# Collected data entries
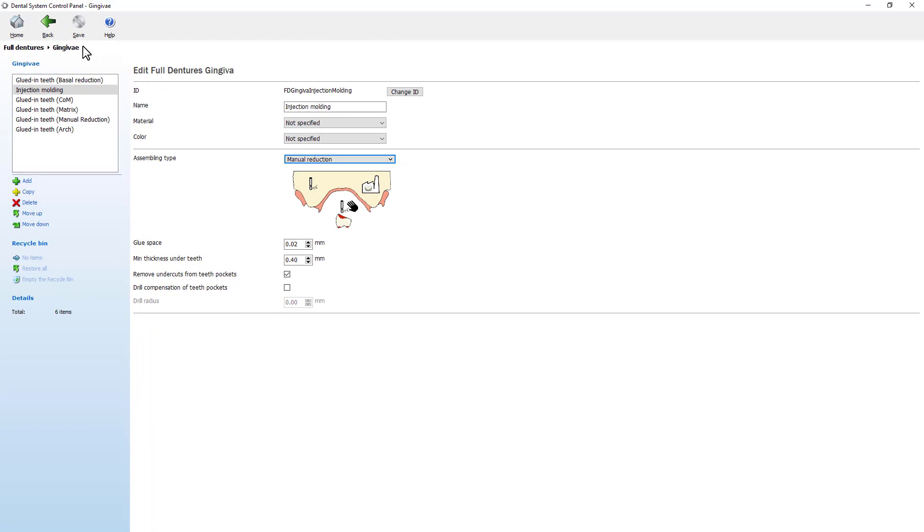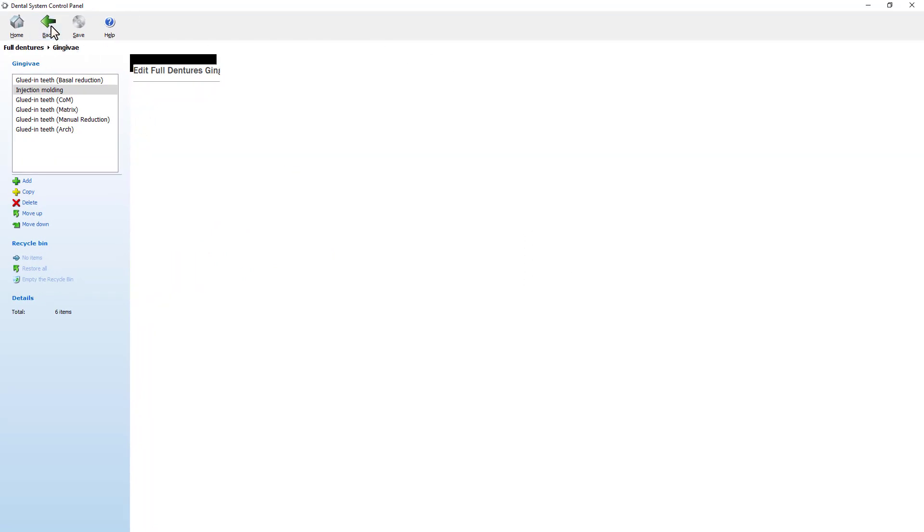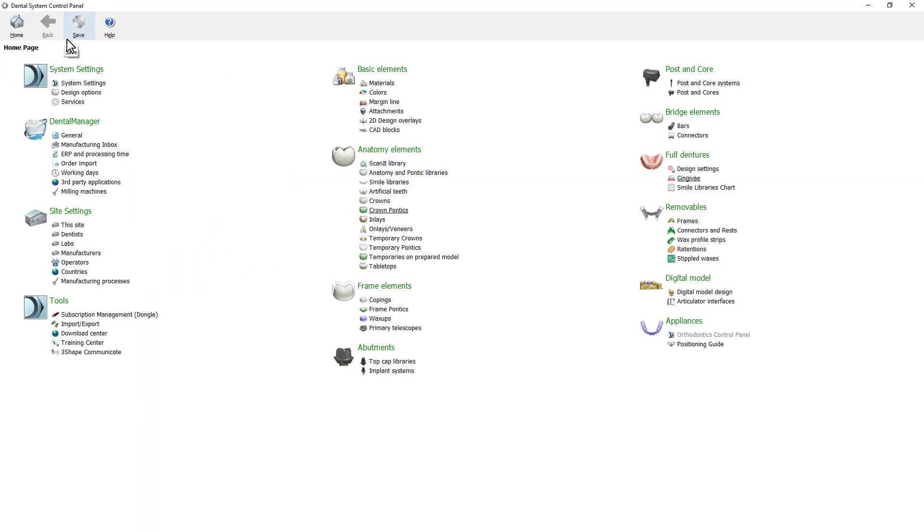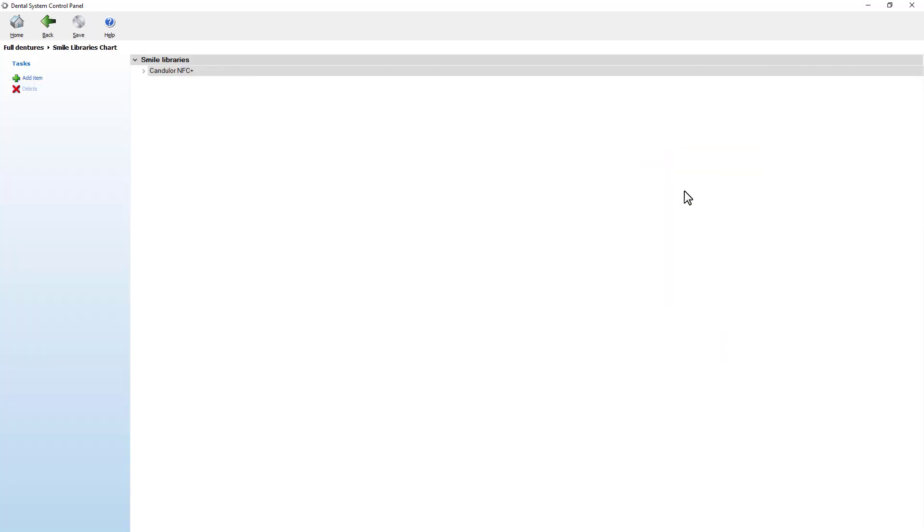Now go back to the main control panel page. The last option for the full denture is the smile libraries chart. In here you will see the list of available libraries.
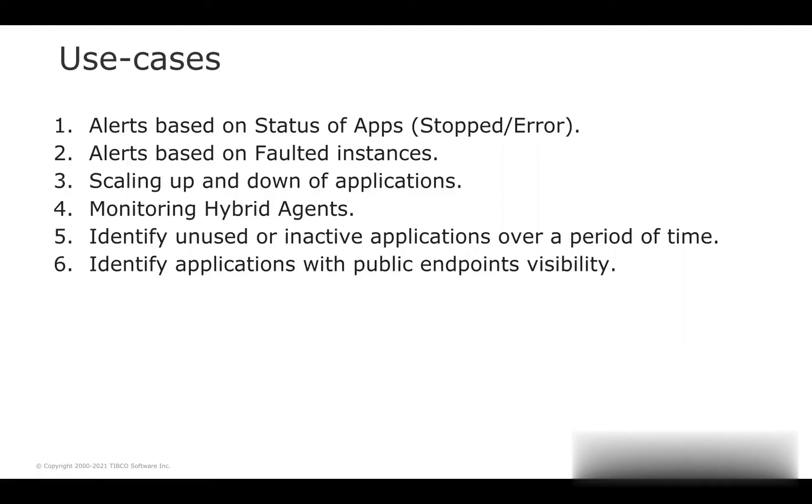Next, it will recognize all the applications unused or inactive for a given specified time. Then it will send an alert or optionally allow users to scale them down.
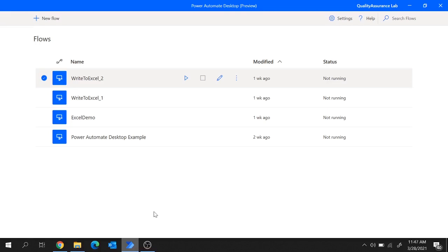Hi guys, welcome to web automation part 1 tutorial in Power Automate Desktop. Today I will explain how to perform web data extraction. So let's get started.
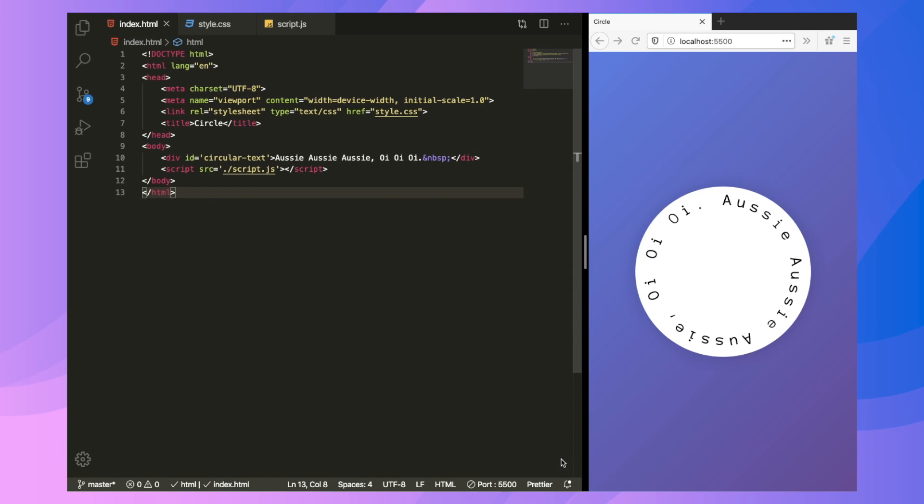Hey guys, today we're making this circular text effect. There are actually two ways to get it done. Number one using SVG text path and the second one is the JavaScript one which we are going to use today because it uses maths, trigonometry which is my personal favorite.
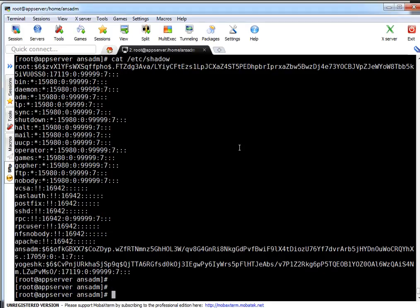Thanks a lot for watching this video. I believe this will help you if you are not using some centralized method to manage your root account password, or if you have not got AD set up in your environment. You can use Ansible to manage your users and passwords. Leave a comment on my channel if you have any query or suggestion. Thank you.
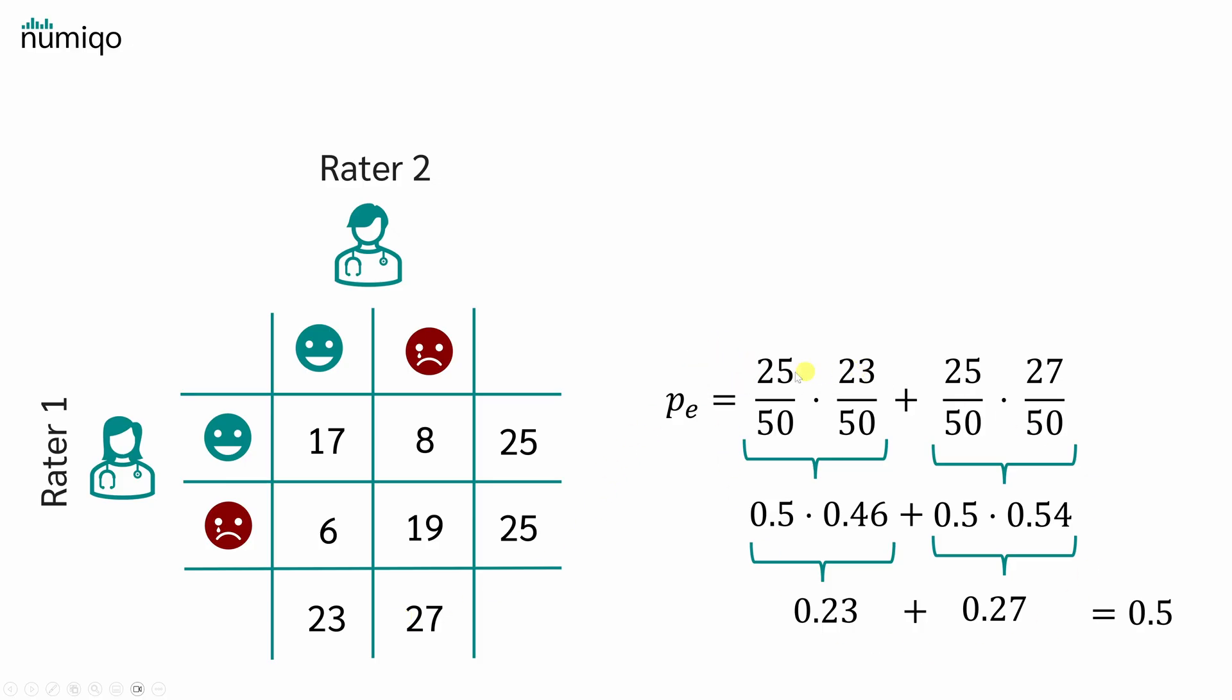we calculate the probability that both raters would arrive at the rating not-depressed by chance. Rater 1 rated 25 out of 50 people as not-depressed, so 50%. Rater 2 rated 23 out of 50 people as not-depressed, or 46%. The overall probability of both raters saying not-depressed by chance is 0.5 times 0.46, which is 0.23.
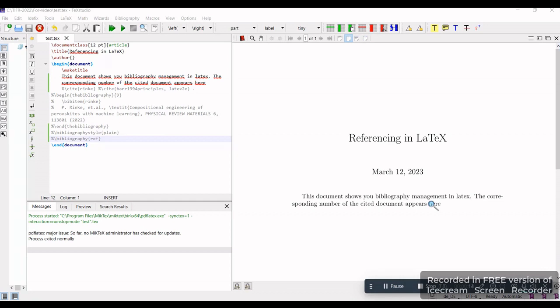Hello everyone, in this video I'm going to demonstrate bibliography management using LaTeX. I'll be using the LaTeX editor TeXstudio and I'll show you two simple ways to do referencing using LaTeX.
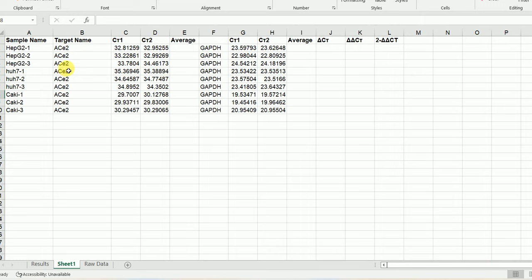To make the calculation much easier: sample name, target name, Ct1, Ct2, average — and Ct1, Ct2, average. I have put the sample name here, and here we have the target name, and here one Ct value and another Ct value from one technical replicate and from another technical replicate. Here we'll calculate the average. ACE2 is our target, GAPDH is our reference gene, against which we will normalize our Ct values.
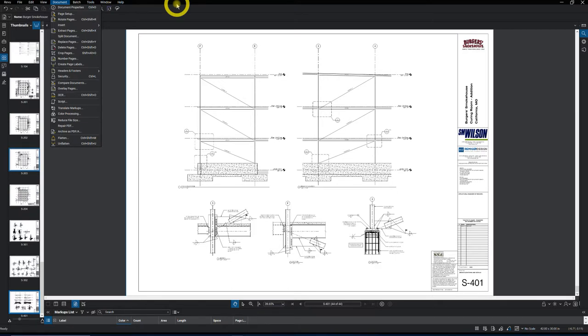So that's how simple it is to flatten drawings, very easy process. I hope you got something out of it and we'll see you in the next video. Thanks!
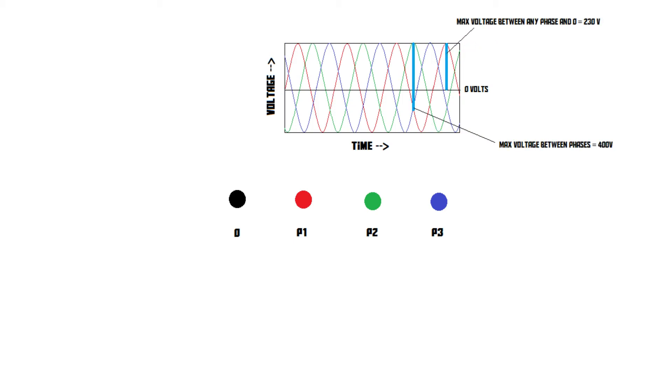As you can see in the graph, the max voltage between phases is about 400 volts. So that's why three-phase electricity can supply a higher voltage than regular single-phase electricity.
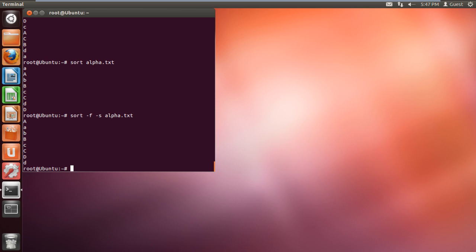Now you can see that the uppercases are being displayed first. Over here, notice that we have multiple entries of the same alphabets. What if we want to display only the unique entries in the terminal application?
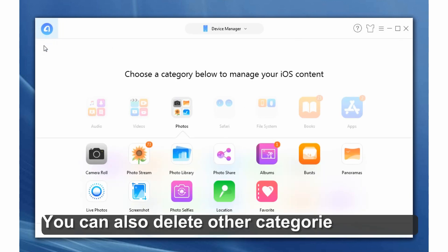You can also delete photos from other categories. Thanks for watching — get the tool linked down below.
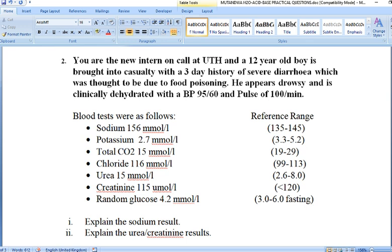Chloride levels are slightly above normal. Urea levels are way above normal at 15 mmol/L — in the territory of a patient needing renal replacement therapy such as dialysis. Creatinine is at 115, which is within normal range. This is very interesting: creatinine and urea are used to measure kidney function as prototype renal function tests. Normally, if the kidneys are failing, both urea and creatinine should increase. But here only urea is increased while creatinine is within normal range — a very important finding.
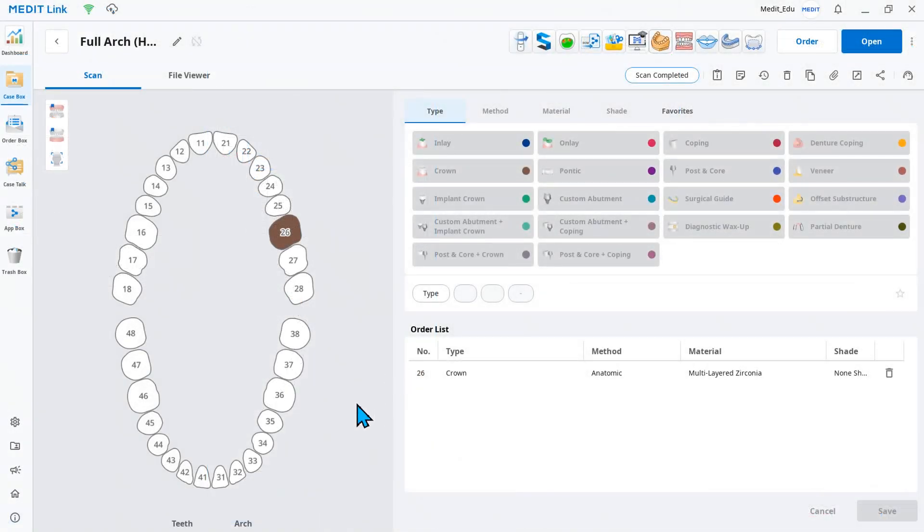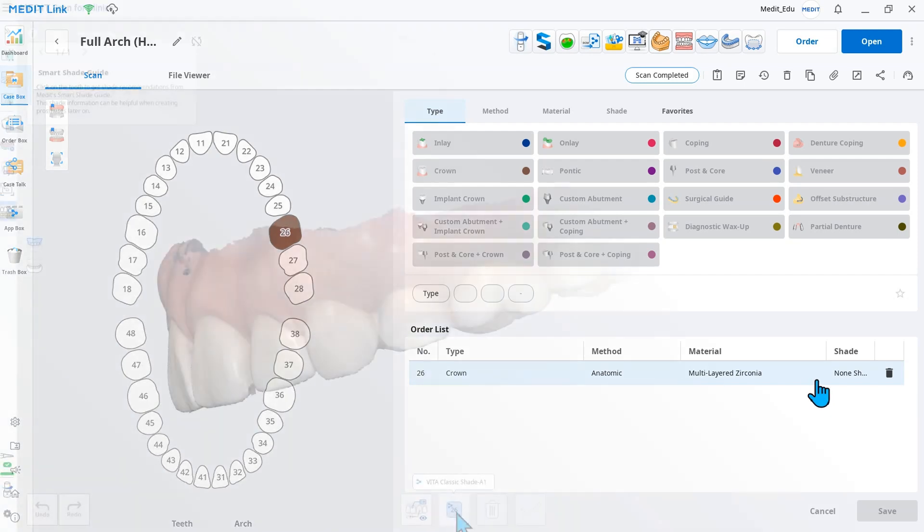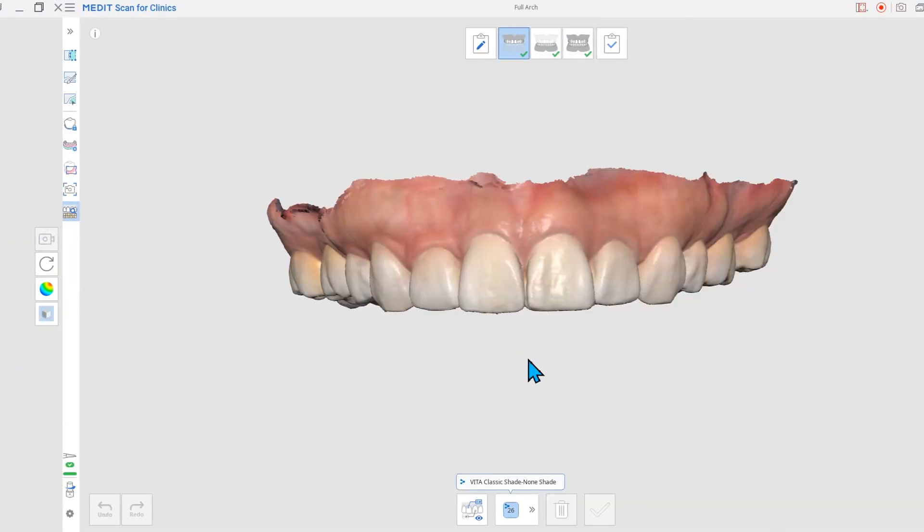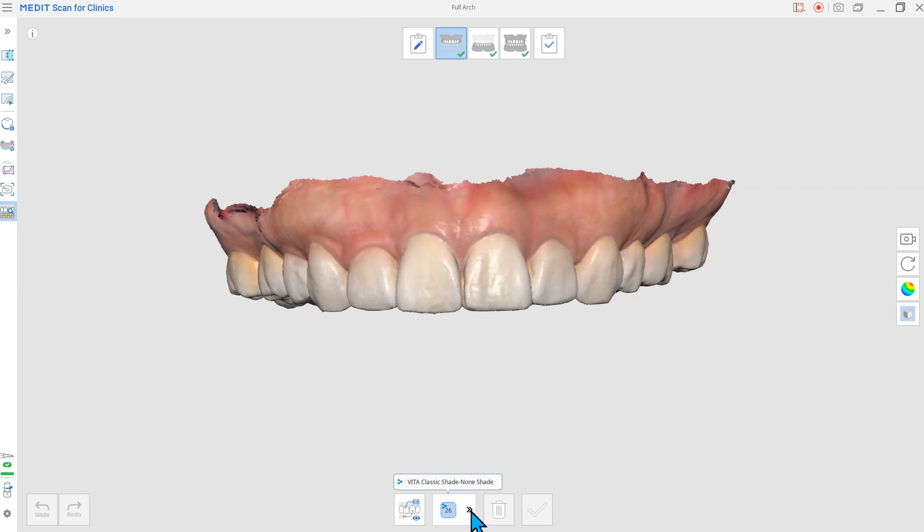When working with these tools before, only the teeth initially registered in the form information were displayed below. In the updated version, you can select any tooth number regardless of the form information.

# WHAT TO PRODUCE
Write out exactly the lines above, from the very first through the line containing "Next, it will", both kept, with the pictures removed.

# TASK ANSWER
Now go back to the main control panel page. The last option for the full denture is the smile libraries chart. In here you will see the list of available libraries.
Next, it will recognize all the applications unused or inactive for a given specified time. Then it will send an alert or optionally allow users to scale them down.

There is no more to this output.